Manganese oxides have recently gained a lot of interest from scientists due to their unique structural, magnetic and optical properties, which make them favorable for diverse nanotechnological applications. Most applications, however, require stable and well-dispersed nanoparticles of nanometer size. Therefore, in this work, we show a procedure for obtaining separated crystallites of manganese oxide Mn3O4 on the surface of spherical silica carriers. The morphology and properties of nanoparticles were analyzed based on transmission electron microscopy observations, Raman spectroscopy, and low-temperature SQUID measurements. The analysis of results revealed the formation of well-dispersed Mn3O4 nanoparticles with an average size of approximately 9 nm.

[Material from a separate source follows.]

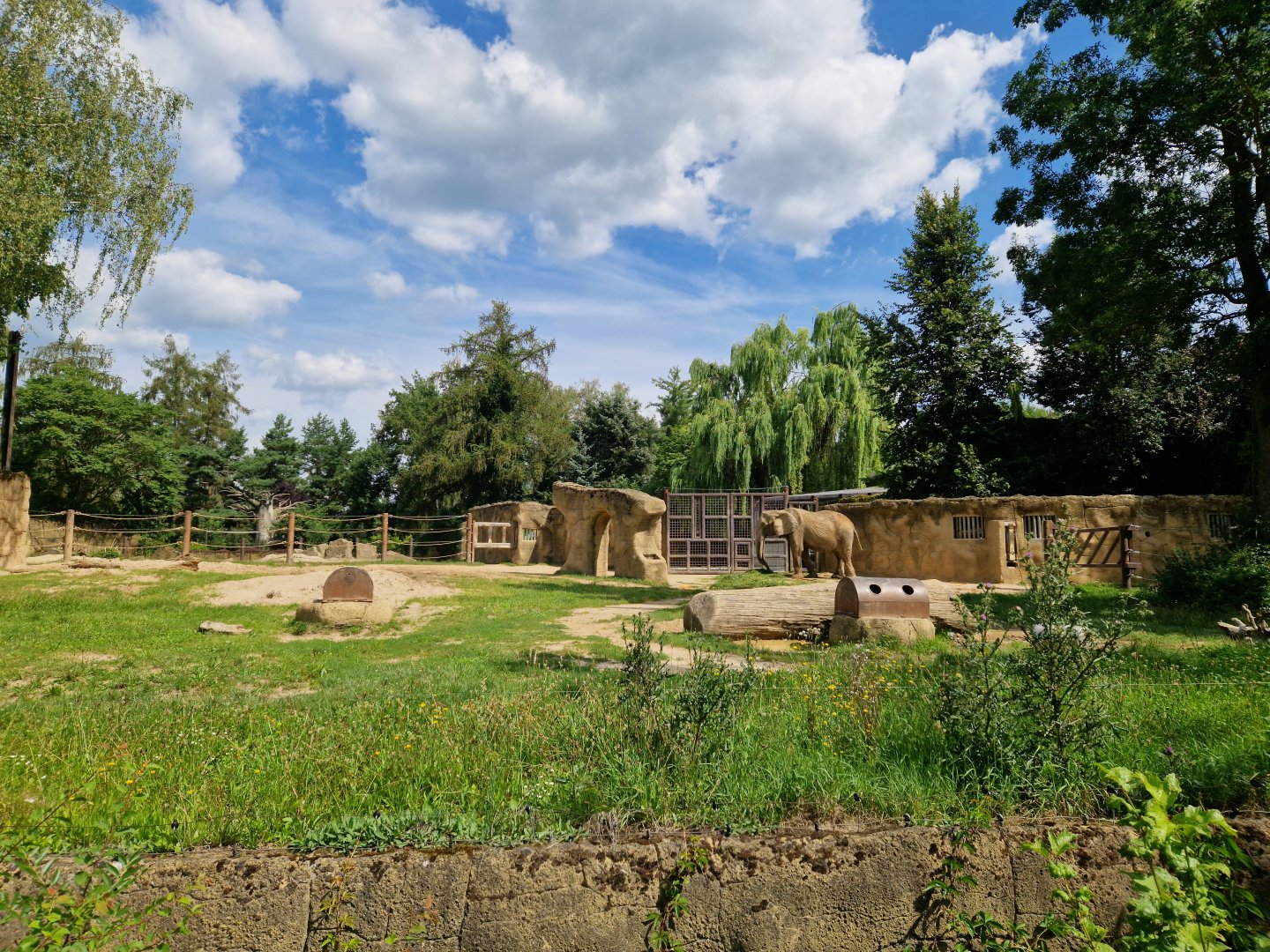 African elephant enclosure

The magnetic measurements confirmed the characteristic critical temperature, and a narrow hysteresis loop appeared due to the surface anisotropy of nanoparticles. It was additionally demonstrated that such small nanoparticles possess pronounced nonlinear optical properties, as evidenced by strong signals of second and third harmonic generation. The obtained results fully confirmed the synthesis assumptions and offer promising prospects for the development of a new class of highly optically active manganese-based nanocomposites.